File Handling With Little RAM
|To meet the requirements of the Mastery of Aspects for Higher Level [IB Computer Science], direct manipulation of files must be carried out in such a way that the whole file does not need to be read into RAM.|
It is important to know how to update files without using much RAM.
In the "old days" before the average nerd or even businesses could afford gigabytes of RAM for a personal computer, large quantities of data had to be stored, compared and processed using small amounts of RAM and relatively larger amounts of secondary storage, typically tape and later disk storage.
For example, the Commodore 8032 was a very popular SOHO (Small Office Home Office) computer in the early 1980's. The "80" stood for "80 columns, which was twice the number of columns of characters that most other personal computers of the day placed on the screen. The "32" represented the number of KB (KiloBytes) of RAM that came with the machine, which was about twice the memory that came with most other personal computers of the day.
File-handling techniques that used little RAM were essential processing a real-life database with 32 KB of RAM. Such techniques are still useful when the amount of data to be processed exceeds the available RAM capacity.
It happens that the International Baccalaureate requires that candidates in their higher level Computer Science program be able to search a data file and add, delete or change data in a single record without simultaneously storing copious numbers of records into RAM.
In February of 2000 IBO issued a circular on Clarifications of Internal Assessment Details. One page of clarifications concerned Direct Manipulation of Files.
At Higher Level, the Mastery of Aspects part of the Internal Assessment requires candidates to be able to manipulate files directly.
Candidates must attempt to show mastery of the following aspects:
- adding directly a new record to a file
- deleting directly a record from a file
- searching directly for a record in a file.
To satisfy these requirements, candidates must carry out file manipulation in such a way that files do not need to be read into RAM for manipulation.
For example, the record to be deleted must be found directly by searching the file in its actual location (by, for example, using a binary or linear search, reading a record, or small block or records, at once). The record could then be directly deleted (if the programming language supports this), or marked for deletion by using a flag field, or by using a rogue value in the key field.
Provided the file size alters, or a record marked for deletion is actually overwrittren during addition of new records, this manipulation would meet the requirement.
However, it is not acceptable, for example, to delete a record from a file, to read the whole file into a linked list or tree, to delete the node, and then to write the data back to the file. (Howefver, this manipulation would satisfy the requirement of being able to delete a data item from a linked list or tree.) Similarly, when directly adding new records to a file, it is not accpetable to read the file into RAM, add the data, and rewrite the file.

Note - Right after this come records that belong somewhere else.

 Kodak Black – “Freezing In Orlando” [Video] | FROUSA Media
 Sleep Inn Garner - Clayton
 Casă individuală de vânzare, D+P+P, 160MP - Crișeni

File-handling with little RAM is a basic requirment of exercises 16.7, 16.8 and 16.9 in Deitel's JAVA HOW TO PROGRAM. Those exercises are reproduced below for your inspection. First, however, the preferred strategy for answering those questions is given in blue. This strategy is preferred over loading all records into RAM at one time for at least two reasons:
You will learn and practice processing data with little RAM but relatively larger secondary storage. It defeats the purpose of the exercises to simply load all the records into a structure such as a vector, linked list or tree, then manipulate the data in RAM, then save all the data back to file after it has been processed. The point is to learn to process data through file-handling without copious amounts of RAM.
The International Baccalaureate Higher Level Dossier program must process records without copying the entire file into RAM.

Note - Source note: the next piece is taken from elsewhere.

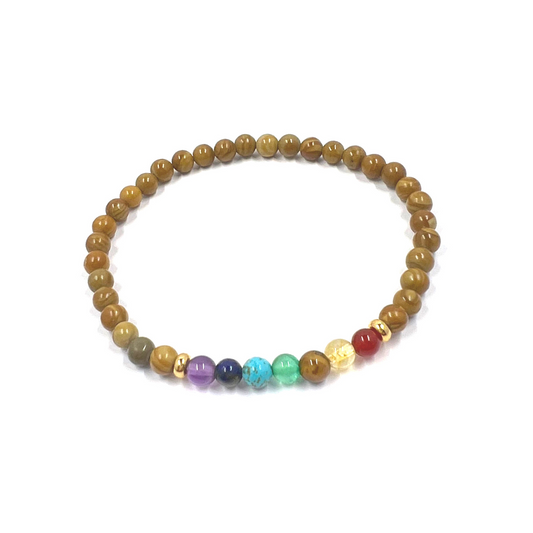 Mysore Bracelet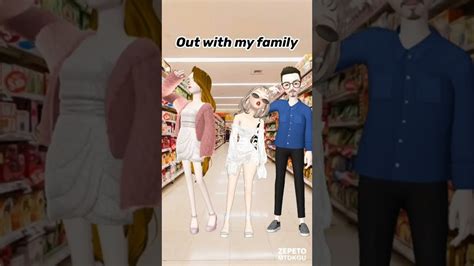 funny meme on zepeto - YouTube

Here the basic idea is to read the first record of the old master file into RAM, then read all of the records from the transaction file into RAM one record at a time, comparing each and every transaction record one record at a time with that first record from the old master file, updating the single master file record when there is a match. After completing all comparisons between that first record from the old master file and all the records from the transaction file, save the updated single record to the new master file.
Now repeat the process with the second record from the old master file, comparing it with all records from the transaction file one record at a time until it too is updated. Then save the updated second record to the new master file.
Repeat this process until the last record in the old master file has been updated and saved (after being updated) to the new master file.
Then delete the old master file and rename the new master file to the name for the old master file.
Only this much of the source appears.